What is required: I'd like every record written out again, exactly as it is.

(Crawled caption data)
● ● ● ● ●

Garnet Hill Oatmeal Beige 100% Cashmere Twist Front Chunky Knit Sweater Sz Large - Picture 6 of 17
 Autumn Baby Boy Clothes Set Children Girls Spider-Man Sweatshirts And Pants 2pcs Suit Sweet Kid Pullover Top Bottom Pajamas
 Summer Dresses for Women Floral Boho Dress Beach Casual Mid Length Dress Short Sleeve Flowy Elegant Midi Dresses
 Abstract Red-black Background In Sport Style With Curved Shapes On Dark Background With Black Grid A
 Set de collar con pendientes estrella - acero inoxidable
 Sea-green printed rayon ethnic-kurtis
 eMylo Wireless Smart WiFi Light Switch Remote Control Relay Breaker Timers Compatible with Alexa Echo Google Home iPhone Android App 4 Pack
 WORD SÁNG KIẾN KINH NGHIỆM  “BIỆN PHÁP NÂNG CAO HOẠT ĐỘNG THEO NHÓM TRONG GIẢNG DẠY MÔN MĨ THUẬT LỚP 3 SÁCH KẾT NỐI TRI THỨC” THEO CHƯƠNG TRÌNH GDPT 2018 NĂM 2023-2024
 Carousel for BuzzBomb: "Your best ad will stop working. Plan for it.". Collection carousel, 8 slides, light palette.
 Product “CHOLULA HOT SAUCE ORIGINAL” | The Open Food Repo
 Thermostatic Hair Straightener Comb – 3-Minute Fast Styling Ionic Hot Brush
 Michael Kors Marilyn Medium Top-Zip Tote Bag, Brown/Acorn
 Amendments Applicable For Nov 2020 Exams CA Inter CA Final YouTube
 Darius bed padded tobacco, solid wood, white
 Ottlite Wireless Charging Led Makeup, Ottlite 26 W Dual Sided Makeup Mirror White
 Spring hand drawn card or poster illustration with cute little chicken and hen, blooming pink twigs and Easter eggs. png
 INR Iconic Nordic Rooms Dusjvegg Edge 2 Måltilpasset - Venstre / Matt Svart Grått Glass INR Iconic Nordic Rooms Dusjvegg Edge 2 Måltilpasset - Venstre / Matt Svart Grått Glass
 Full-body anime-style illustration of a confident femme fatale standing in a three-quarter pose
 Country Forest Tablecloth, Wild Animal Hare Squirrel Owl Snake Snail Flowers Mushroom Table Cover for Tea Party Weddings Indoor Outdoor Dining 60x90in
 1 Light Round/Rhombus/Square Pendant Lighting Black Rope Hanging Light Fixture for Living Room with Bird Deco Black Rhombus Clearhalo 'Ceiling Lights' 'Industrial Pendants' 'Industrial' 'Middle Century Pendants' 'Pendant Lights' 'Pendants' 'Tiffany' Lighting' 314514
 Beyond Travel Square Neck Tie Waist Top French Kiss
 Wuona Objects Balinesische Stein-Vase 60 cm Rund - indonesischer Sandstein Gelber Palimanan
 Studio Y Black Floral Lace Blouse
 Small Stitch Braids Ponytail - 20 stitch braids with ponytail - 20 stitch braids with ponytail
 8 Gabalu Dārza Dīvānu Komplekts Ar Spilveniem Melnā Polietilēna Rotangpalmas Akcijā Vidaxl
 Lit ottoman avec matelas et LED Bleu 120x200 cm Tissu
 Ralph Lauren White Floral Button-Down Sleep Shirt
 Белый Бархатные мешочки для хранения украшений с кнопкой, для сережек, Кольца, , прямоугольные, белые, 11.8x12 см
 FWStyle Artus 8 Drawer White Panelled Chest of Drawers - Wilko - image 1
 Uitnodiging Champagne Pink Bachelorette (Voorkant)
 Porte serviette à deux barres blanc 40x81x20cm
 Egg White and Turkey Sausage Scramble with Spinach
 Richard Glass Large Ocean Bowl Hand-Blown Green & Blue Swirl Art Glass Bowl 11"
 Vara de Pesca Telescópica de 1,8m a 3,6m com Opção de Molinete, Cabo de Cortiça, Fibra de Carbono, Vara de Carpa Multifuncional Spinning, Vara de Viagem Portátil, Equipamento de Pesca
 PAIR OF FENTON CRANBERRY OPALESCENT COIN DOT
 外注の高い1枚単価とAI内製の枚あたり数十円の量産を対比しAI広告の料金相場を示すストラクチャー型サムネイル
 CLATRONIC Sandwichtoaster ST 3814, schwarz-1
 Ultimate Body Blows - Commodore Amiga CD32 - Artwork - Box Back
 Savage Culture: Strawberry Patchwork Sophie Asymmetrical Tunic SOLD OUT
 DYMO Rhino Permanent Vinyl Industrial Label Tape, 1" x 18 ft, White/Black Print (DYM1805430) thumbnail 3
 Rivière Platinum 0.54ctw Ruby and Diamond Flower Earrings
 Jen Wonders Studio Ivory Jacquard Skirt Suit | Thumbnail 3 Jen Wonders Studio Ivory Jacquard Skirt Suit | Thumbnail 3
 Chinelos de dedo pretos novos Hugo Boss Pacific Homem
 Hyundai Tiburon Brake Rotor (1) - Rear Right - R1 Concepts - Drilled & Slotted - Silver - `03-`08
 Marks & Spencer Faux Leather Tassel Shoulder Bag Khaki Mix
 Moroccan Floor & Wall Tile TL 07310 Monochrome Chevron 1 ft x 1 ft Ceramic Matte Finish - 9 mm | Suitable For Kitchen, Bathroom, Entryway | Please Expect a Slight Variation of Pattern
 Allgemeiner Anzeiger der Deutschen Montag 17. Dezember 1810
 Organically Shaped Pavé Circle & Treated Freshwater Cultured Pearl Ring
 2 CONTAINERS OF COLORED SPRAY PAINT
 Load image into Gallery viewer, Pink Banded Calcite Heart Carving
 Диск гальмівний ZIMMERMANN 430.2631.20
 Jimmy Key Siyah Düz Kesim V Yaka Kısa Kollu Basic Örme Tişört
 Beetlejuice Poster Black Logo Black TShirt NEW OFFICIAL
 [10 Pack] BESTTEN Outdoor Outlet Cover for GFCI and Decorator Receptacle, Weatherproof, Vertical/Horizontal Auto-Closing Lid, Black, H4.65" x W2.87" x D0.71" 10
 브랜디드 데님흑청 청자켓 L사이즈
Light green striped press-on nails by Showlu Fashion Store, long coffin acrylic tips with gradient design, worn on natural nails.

● ● ● ● ●

Output:
Garnet Hill Oatmeal Beige 100% Cashmere Twist Front Chunky Knit Sweater Sz Large - Picture 6 of 17
 Autumn Baby Boy Clothes Set Children Girls Spider-Man Sweatshirts And Pants 2pcs Suit Sweet Kid Pullover Top Bottom Pajamas
 Summer Dresses for Women Floral Boho Dress Beach Casual Mid Length Dress Short Sleeve Flowy Elegant Midi Dresses
 Abstract Red-black Background In Sport Style With Curved Shapes On Dark Background With Black Grid A
 Set de collar con pendientes estrella - acero inoxidable
 Sea-green printed rayon ethnic-kurtis
 eMylo Wireless Smart WiFi Light Switch Remote Control Relay Breaker Timers Compatible with Alexa Echo Google Home iPhone Android App 4 Pack
 WORD SÁNG KIẾN KINH NGHIỆM  “BIỆN PHÁP NÂNG CAO HOẠT ĐỘNG THEO NHÓM TRONG GIẢNG DẠY MÔN MĨ THUẬT LỚP 3 SÁCH KẾT NỐI TRI THỨC” THEO CHƯƠNG TRÌNH GDPT 2018 NĂM 2023-2024
 Carousel for BuzzBomb: "Your best ad will stop working. Plan for it.". Collection carousel, 8 slides, light palette.
 Product “CHOLULA HOT SAUCE ORIGINAL” | The Open Food Repo
 Thermostatic Hair Straightener Comb – 3-Minute Fast Styling Ionic Hot Brush
 Michael Kors Marilyn Medium Top-Zip Tote Bag, Brown/Acorn
 Amendments Applicable For Nov 2020 Exams CA Inter CA Final YouTube
 Darius bed padded tobacco, solid wood, white
 Ottlite Wireless Charging Led Makeup, Ottlite 26 W Dual Sided Makeup Mirror White
 Spring hand drawn card or poster illustration with cute little chicken and hen, blooming pink twigs and Easter eggs. png
 INR Iconic Nordic Rooms Dusjvegg Edge 2 Måltilpasset - Venstre / Matt Svart Grått Glass INR Iconic Nordic Rooms Dusjvegg Edge 2 Måltilpasset - Venstre / Matt Svart Grått Glass
 Full-body anime-style illustration of a confident femme fatale standing in a three-quarter pose
 Country Forest Tablecloth, Wild Animal Hare Squirrel Owl Snake Snail Flowers Mushroom Table Cover for Tea Party Weddings Indoor Outdoor Dining 60x90in
 1 Light Round/Rhombus/Square Pendant Lighting Black Rope Hanging Light Fixture for Living Room with Bird Deco Black Rhombus Clearhalo 'Ceiling Lights' 'Industrial Pendants' 'Industrial' 'Middle Century Pendants' 'Pendant Lights' 'Pendants' 'Tiffany' Lighting' 314514
 Beyond Travel Square Neck Tie Waist Top French Kiss
 Wuona Objects Balinesische Stein-Vase 60 cm Rund - indonesischer Sandstein Gelber Palimanan
 Studio Y Black Floral Lace Blouse
 Small Stitch Braids Ponytail - 20 stitch braids with ponytail - 20 stitch braids with ponytail
 8 Gabalu Dārza Dīvānu Komplekts Ar Spilveniem Melnā Polietilēna Rotangpalmas Akcijā Vidaxl
 Lit ottoman avec matelas et LED Bleu 120x200 cm Tissu
 Ralph Lauren White Floral Button-Down Sleep Shirt
 Белый Бархатные мешочки для хранения украшений с кнопкой, для сережек, Кольца, , прямоугольные, белые, 11.8x12 см
 FWStyle Artus 8 Drawer White Panelled Chest of Drawers - Wilko - image 1
 Uitnodiging Champagne Pink Bachelorette (Voorkant)
 Porte serviette à deux barres blanc 40x81x20cm
 Egg White and Turkey Sausage Scramble with Spinach
 Richard Glass Large Ocean Bowl Hand-Blown Green & Blue Swirl Art Glass Bowl 11"
 Vara de Pesca Telescópica de 1,8m a 3,6m com Opção de Molinete, Cabo de Cortiça, Fibra de Carbono, Vara de Carpa Multifuncional Spinning, Vara de Viagem Portátil, Equipamento de Pesca
 PAIR OF FENTON CRANBERRY OPALESCENT COIN DOT
 外注の高い1枚単価とAI内製の枚あたり数十円の量産を対比しAI広告の料金相場を示すストラクチャー型サムネイル
 CLATRONIC Sandwichtoaster ST 3814, schwarz-1
 Ultimate Body Blows - Commodore Amiga CD32 - Artwork - Box Back
 Savage Culture: Strawberry Patchwork Sophie Asymmetrical Tunic SOLD OUT
 DYMO Rhino Permanent Vinyl Industrial Label Tape, 1" x 18 ft, White/Black Print (DYM1805430) thumbnail 3
 Rivière Platinum 0.54ctw Ruby and Diamond Flower Earrings
 Jen Wonders Studio Ivory Jacquard Skirt Suit | Thumbnail 3 Jen Wonders Studio Ivory Jacquard Skirt Suit | Thumbnail 3
 Chinelos de dedo pretos novos Hugo Boss Pacific Homem
 Hyundai Tiburon Brake Rotor (1) - Rear Right - R1 Concepts - Drilled & Slotted - Silver - `03-`08
 Marks & Spencer Faux Leather Tassel Shoulder Bag Khaki Mix
 Moroccan Floor & Wall Tile TL 07310 Monochrome Chevron 1 ft x 1 ft Ceramic Matte Finish - 9 mm | Suitable For Kitchen, Bathroom, Entryway | Please Expect a Slight Variation of Pattern
 Allgemeiner Anzeiger der Deutschen Montag 17. Dezember 1810
 Organically Shaped Pavé Circle & Treated Freshwater Cultured Pearl Ring
 2 CONTAINERS OF COLORED SPRAY PAINT
 Load image into Gallery viewer, Pink Banded Calcite Heart Carving
 Диск гальмівний ZIMMERMANN 430.2631.20
 Jimmy Key Siyah Düz Kesim V Yaka Kısa Kollu Basic Örme Tişört
 Beetlejuice Poster Black Logo Black TShirt NEW OFFICIAL
 [10 Pack] BESTTEN Outdoor Outlet Cover for GFCI and Decorator Receptacle, Weatherproof, Vertical/Horizontal Auto-Closing Lid, Black, H4.65" x W2.87" x D0.71" 10
 브랜디드 데님흑청 청자켓 L사이즈
Light green striped press-on nails by Showlu Fashion Store, long coffin acrylic tips with gradient design, worn on natural nails.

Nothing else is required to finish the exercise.